Five years ago, on September 15th 2001, former F1 driver Alex Zanardi was leading a race in Germany in what was the first major sporting event in the world following the September 11 attacks.
He suffered a spin late on in the race, and in trying to regain his racing line, was hit full on by Alex Tagliani. The accident nearly cost him his life. He survived, but even more tellingly for a racing driver, he lost both his legs. Such an event would've broken a lesser man.
But not Alex.
He got himself two prosthetic legs, and began the long road to recovery. Not only in life, but also in his racing career. Against all odds, he started racing again two years after the accident, driving touring cars in Europe.
On Saturday, he stepped back into a Formula 1 cockpit for the first time in over half a decade.
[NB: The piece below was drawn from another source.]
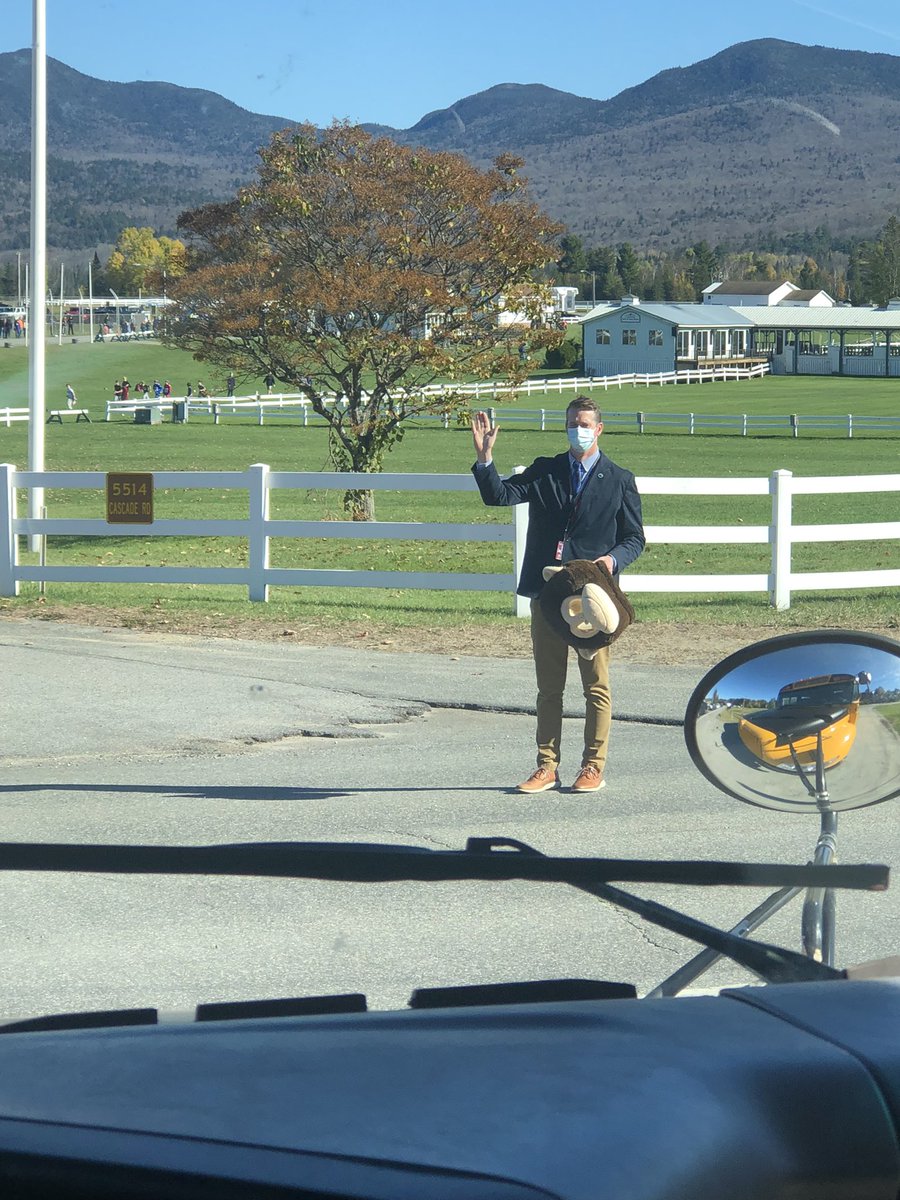 winch_jenny's tweet photo. Mr. Leon saves the day and directs the buses across 73! Thank you, @jason_c_leon #lpcsd @LakePlacidCSD https://t.co/MxJmu34JHB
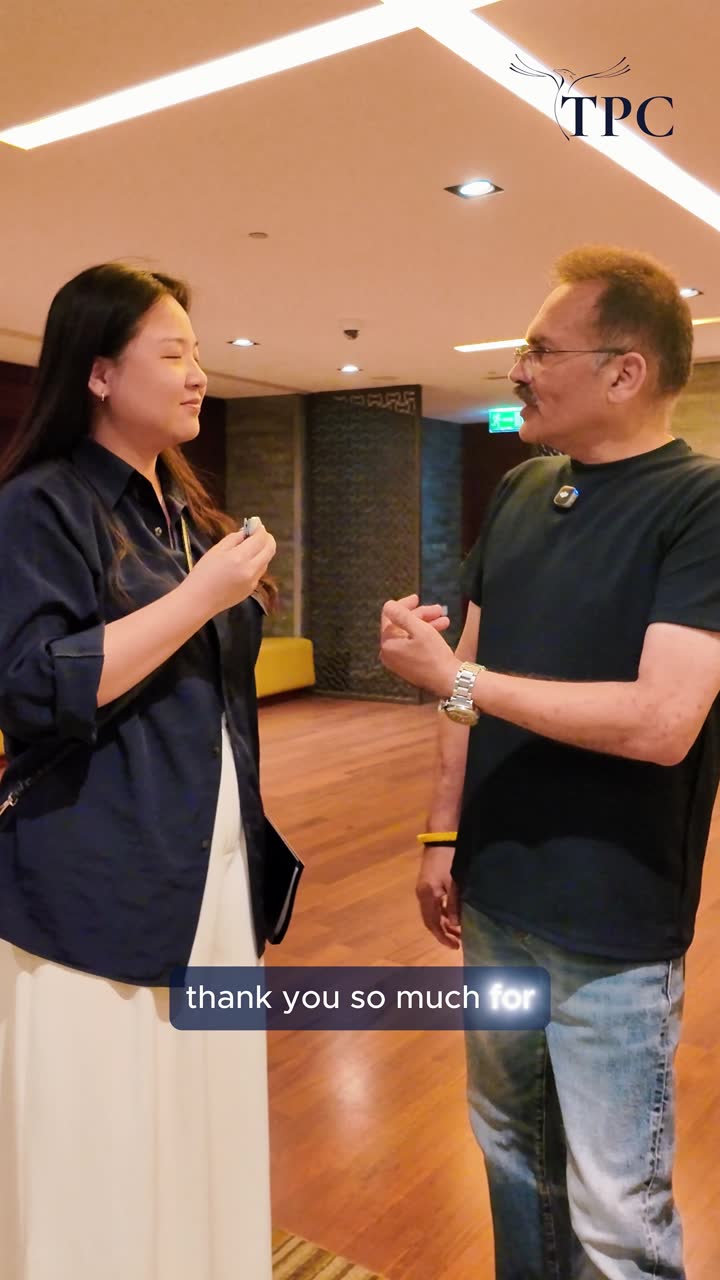 Gloria Wu sharing feedback after a Phoenix Code session with Vikas Sharma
In what is the most sophisticated and physically demanding motorsport vehicle in the world, he completed lap after lap after lap.
By the end of the day, his best lap is only a second shy of regular BMW driver Sebastien Vettel, Germany's next big thing and a driver half his age.
But that's not why I'm writing about him.
Not the fact that his comeback was against all the odds, or that as a Formula 1 driver, he was not very successful (or very lucky, I should point out).
The reason why I'm writing about him is that five years ago, he made a decision.
When others would have folded under lesser circumstances, when he himself is on his deathbed...he made a decision to live.
He decided to fight for his life.
And as far as I am concerned...he won.